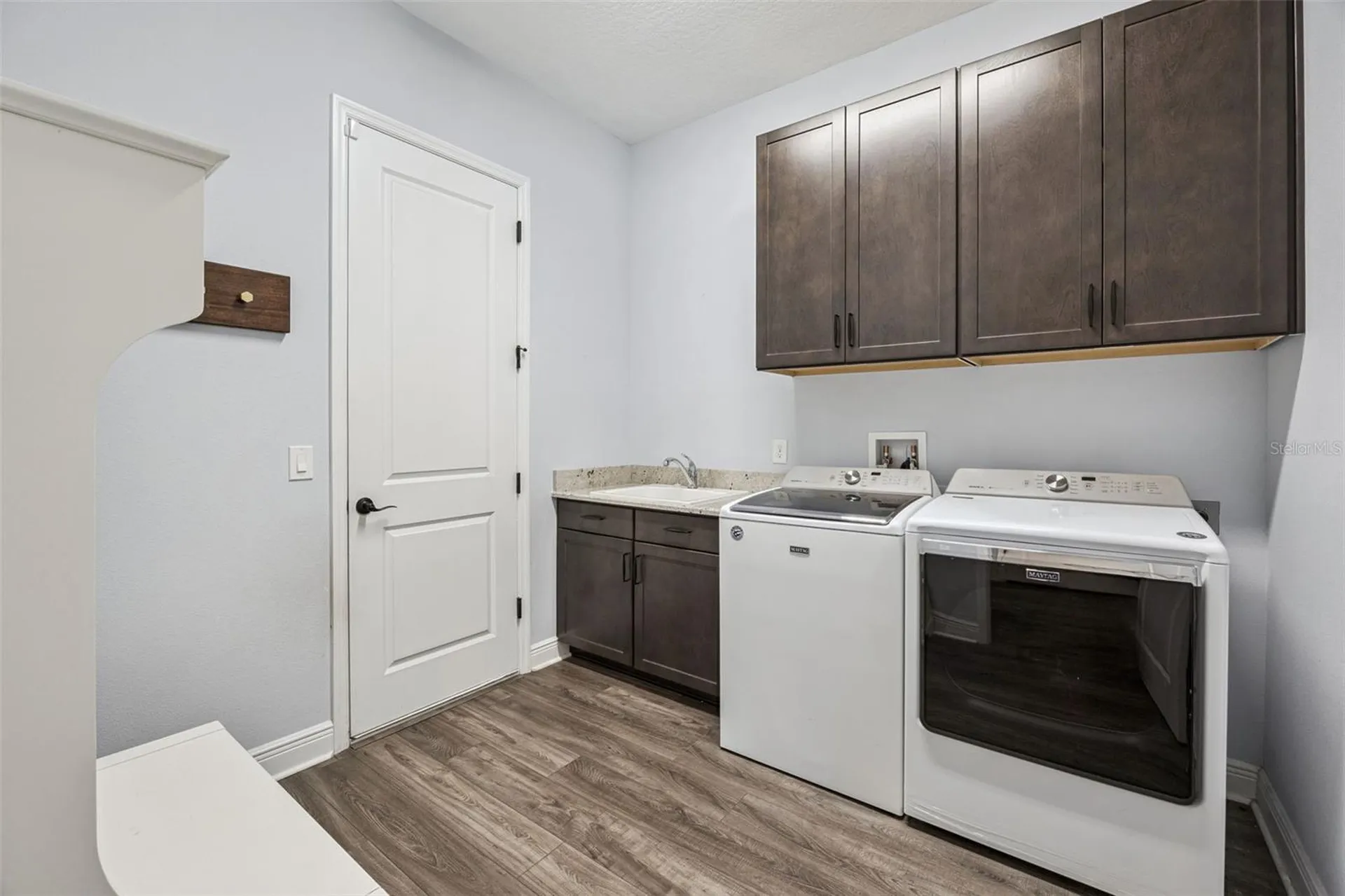 10472 Petrillo Way Winter Garden FL 34787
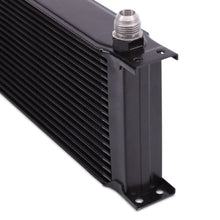 Load image into Gallery viewer, Mishimoto Universal 19 Row Oil Cooler **CORE ONLY** - DTX Performance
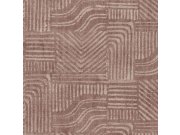 Luxusní vliesová tapeta na zeď 391531, Terra, Eijffinger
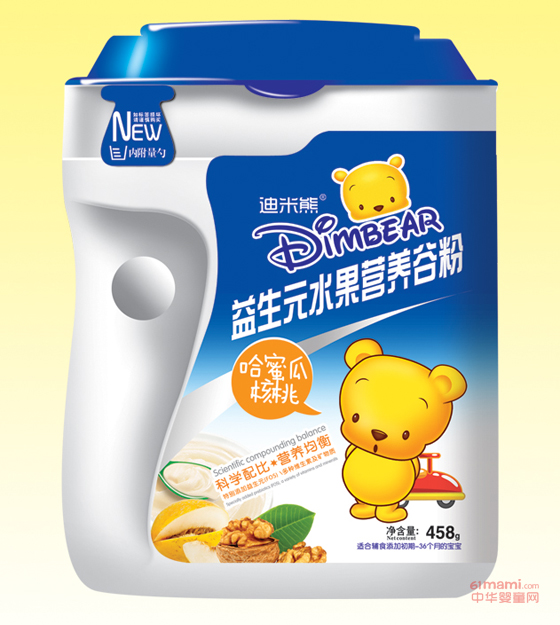 ����Ԫˮ���I�B(y��ng)�ȷۣ����۹Ϻ��ң�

--------------------------------------------------

**Work required**
Since the listing holds pictures, return everything else in it exactly and omit those.

**Exercise solution**
 10472 Petrillo Way Winter Garden FL 34787
 Load image into Gallery viewer, Mishimoto Universal 19 Row Oil Cooler **CORE ONLY** - DTX Performance
 Luxusní vliesová tapeta na zeď 391531, Terra, Eijffinger
 ����Ԫˮ���I�B(y��ng)�ȷۣ����۹Ϻ��ң�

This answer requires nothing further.